Water Content Effect on Soil Salinity Prediction: A Geostatistical Study Using Cokriging
1995
Vaughan, Peter J. | Lesch, Scott M. | Corwin, Dennis L. | Cone, David G.
A geostatistical analysis of soil salinity in an agricultural area in the San Joaquin Valley included measurements of electrical conductivity of soil paste extract (ECₑ) and water content of soil samples supplemented by surface measurements of apparent electrical conductivity (EMH). Prediction of soil salinity at unsampled points by cokriging logₑ(ECₑ) and EMH is worthwhile because EMH measurements are quicker than soil sampling. This work studies how patterns of logₑ(ECₑ) predicted by cokriging with EMH are influenced by variation in gravimetric water content (W).

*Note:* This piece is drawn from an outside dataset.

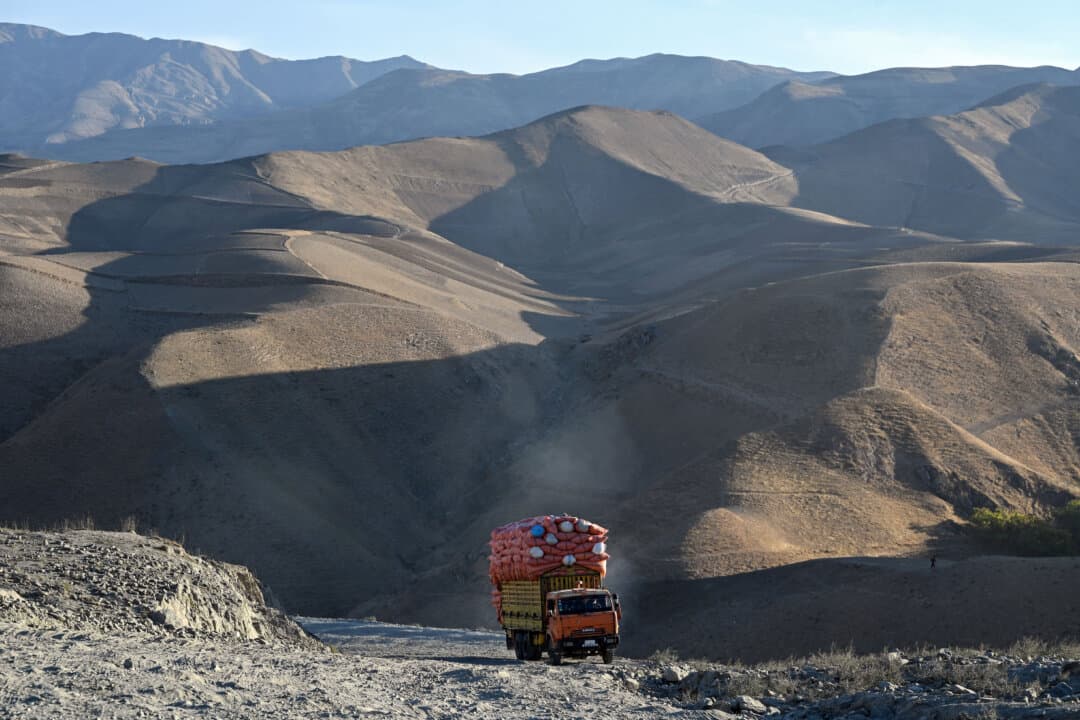 A fully loaded truck drives along a rugged mountain road in Argo district in Badakhshan Province, Afghanistan, on Oct. 16, 2026. (Omer Abrar/AFP via Getty Images)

The data are mean EMH = 1.00 ± 0.13 dS m⁻¹ for 2378 locations, mean logₑ(ECₑ) = 1.40 ± 0.29 dS m⁻¹, and mean gravimetric W = 0.260 ± 0.003, both averaged for four samples from 0.3-m intervals to 1.2-m depth for 315 locations. The coefficient of determination (R²) for EMH vs. logₑ(ECₑ) increased with depth from 0.05 to 0.54 whereas the R² for EMH vs. W decreased from 0.48 to 0.28. A gray-scale EMH map contained nine out of 56 quarter-section boundaries coinciding with step variations in EMH. The t-statistics for differences in mean W were six of nine significant at 0.001 and nine of nine at 0.05, but mean logₑ(ECₑ) had only two of nine at 0.05, implying that W caused EMH steps. Water-affected EMH impaired prediction of ECₑ at depth by cokriging, because near-surface variations in W masked ECₑ. Two subareas were defined, one where management factors, such as irrigation, controlled EMH, causing steps, and one where near-surface W varied less, making cokriging predictions more reliable. Contribution from the USDA-ARS, U.S. Salinity Lab.